Rep. Paul Ryan (R-Wis.) cast himself as a reluctant speaker of the House when he succeeded Rep. John Boehner (R-Ohio) by consensus in 2015. His main challenge at the time was to hold together the Republicans’ fractured tea party and mainstream wings. No one saw future President Donald Trump coming.
With his announcement last week that he would not seek reelection this fall, giving up his role as the top Republican in Congress, Ryan has become the most prominent GOP lawmaker heading for the exits before a possible midterm shellacking by the Democrats.
Conventional wisdom holds that a little shellac is to be expected in an off-year election. But with an unpredictable and unpopular president (except with his base), Republicans — who have done their best to adjust to shifting White House priorities, erratic Twitter comments, trade protectionism and a retreat from international commitments — are finding themselves in a very difficult place as they prepare for November elections. Indeed, just at a time when party discipline and stability are understood to be necessary, the announced departure of the Republican Party’s most powerful member of Congress simply elevates the coming electoral challenge.
Ryan, a small-government evangelist who preaches cutting taxes for the rich and balancing the budget by slicing the social safety net for the poor, has not seen his larger policy goals achieved. Instead, he helped lead the passage of a massive tax cut for the wealthy which will add more than $1 trillion to the debt by 2020. At 48, he may have a second act in politics. But for now, exploding the debt appears to be his principle legislative legacy.
Perhaps because everyone recognized the enormous intra-party challenges he faced, as well as the continuing tempests he has had to navigate with the White House, Ryan has been a popular figure. As a result, before his announcement last week no sane Republican would have mounted a primary challenge against him. That helps to explain why an unapologetic anti-Semite named Paul Nehlen is now the leading Republican candidate in Ryan’s district. Nehlen has the distinction of being banned from Twitter for anti-Semitic tweets.
The Jewish Democratic Council of America has called on the Republican Party to renounce Nehlen. Matt Brooks, the Republican Jewish Coalition’s director, expressed confidence that Wisconsin Republicans will pick another candidate, one who “upholds the GOP’s best values and traditions.” They almost certainly will.

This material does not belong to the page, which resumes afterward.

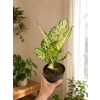 Aglaonema 'White Surprise', Ø 12 cm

Our concern, however, lies in the challenge to the Republican Party resulting from Ryan’s departure. Notwithstanding his heavy-handed tactics regarding the budget and other positions he took with which we might disagree, Speaker Ryan has been even-tempered, rational, coherent, and willing to engage on issues of concern and of interest to him and his party. With Ryan’s departure, someone else must step into the breach to be the Republican Party’s moral governing voice. Because, at least as we see it, that leadership isn’t coming from the White House.